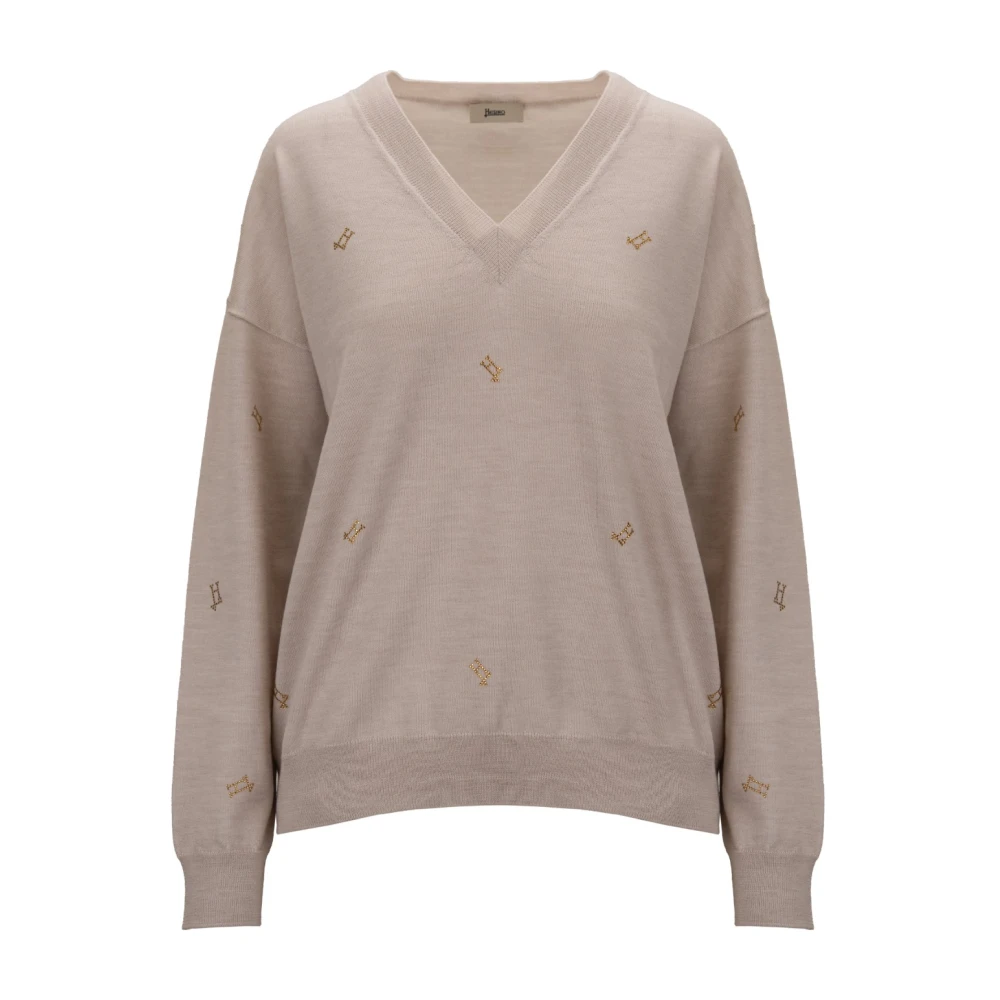 Herno Women's Beige V-Neck Knitwear, Xl, V-Neck Knitwear
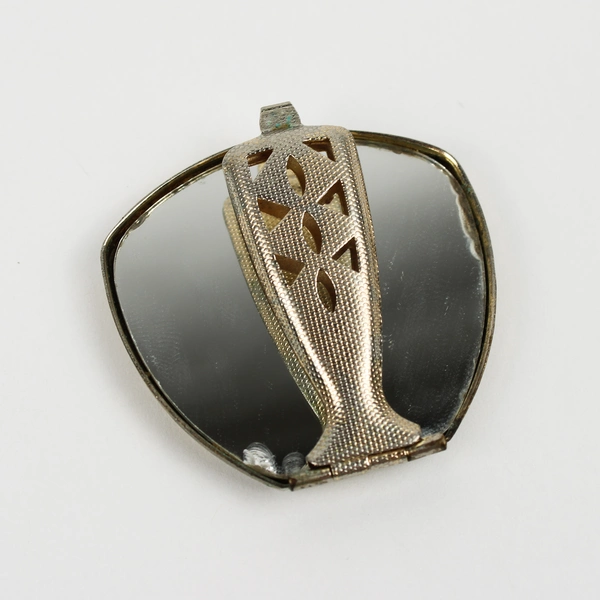 Handheld Miniature Pocket 3.75” Mirror Folding Victorian Vintage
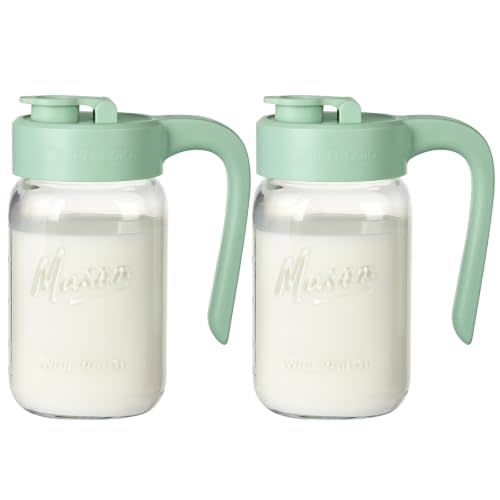 Mason Jar Pitcher, 2 pcs 32 oz (1 quart), Glass Pitcher with Lid | Airtight, Leak proof, Ergonomic Handle, Pour Spout Lid, Fridge Safe, for Sun Tea, Iced Tea, Cold Brew, Lemonade, Outside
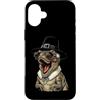 Thanksgiving Feast Funny Steampunk Pilgr Custodia per iPhone 16 Plus T-Rex Dinosauro Vintage Retro Turchia Cena Giorno Vendemmia Autunno
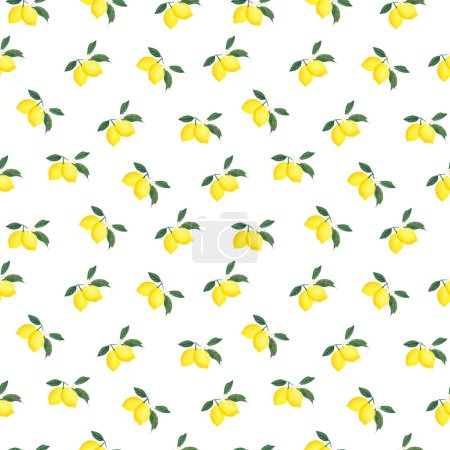 Photo for Watercolor seamless pattern with yellow lemon branch isolated on white background. Illustration for textures, wallpapers, fabrics. - Royalty Free Image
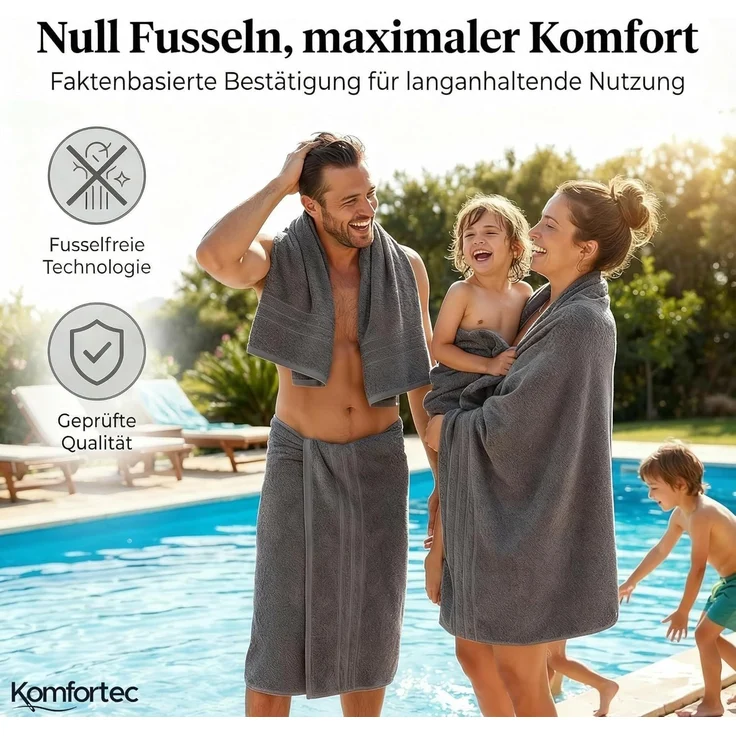 Komfortec Badetuch 100x200 cm aus 100% Baumwolle, Saunatuch XXL, Weich, Groß, Frottee, Schnelltrocknend, Anthrazit Grau – Bild 6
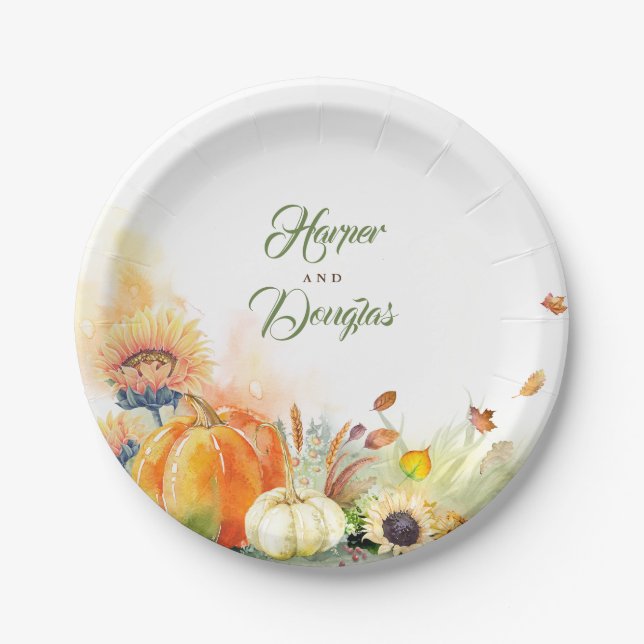 Fall Harvest Pumpkins and Sunflowers Rustic Paper Plate (Front)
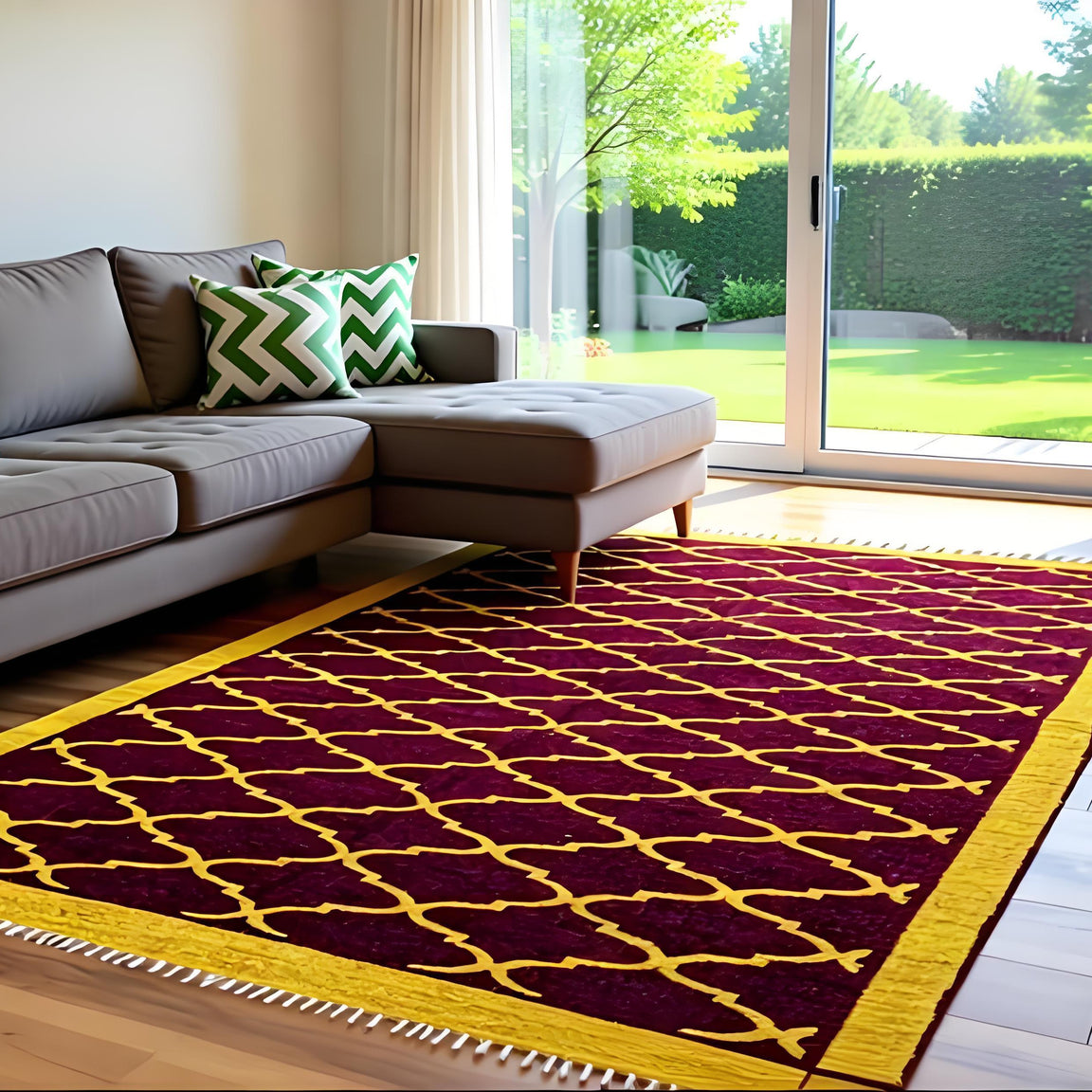 Moroccan Style Rug - Yellow & Plum (4 ft' x 6 ft')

* * * * * * *

**WORK TO COMPLETE**
First drop every picture, then print the data above exactly as it stands.

**RESPONSE TO THE EXERCISE**
 Herno Women's Beige V-Neck Knitwear, Xl, V-Neck Knitwear
 Handheld Miniature Pocket 3.75” Mirror Folding Victorian Vintage
 Mason Jar Pitcher, 2 pcs 32 oz (1 quart), Glass Pitcher with Lid | Airtight, Leak proof, Ergonomic Handle, Pour Spout Lid, Fridge Safe, for Sun Tea, Iced Tea, Cold Brew, Lemonade, Outside
 Thanksgiving Feast Funny Steampunk Pilgr Custodia per iPhone 16 Plus T-Rex Dinosauro Vintage Retro Turchia Cena Giorno Vendemmia Autunno
 Photo for Watercolor seamless pattern with yellow lemon branch isolated on white background. Illustration for textures, wallpapers, fabrics. - Royalty Free Image
 Komfortec Badetuch 100x200 cm aus 100% Baumwolle, Saunatuch XXL, Weich, Groß, Frottee, Schnelltrocknend, Anthrazit Grau – Bild 6
 Fall Harvest Pumpkins and Sunflowers Rustic Paper Plate (Front)
 Moroccan Style Rug - Yellow & Plum (4 ft' x 6 ft')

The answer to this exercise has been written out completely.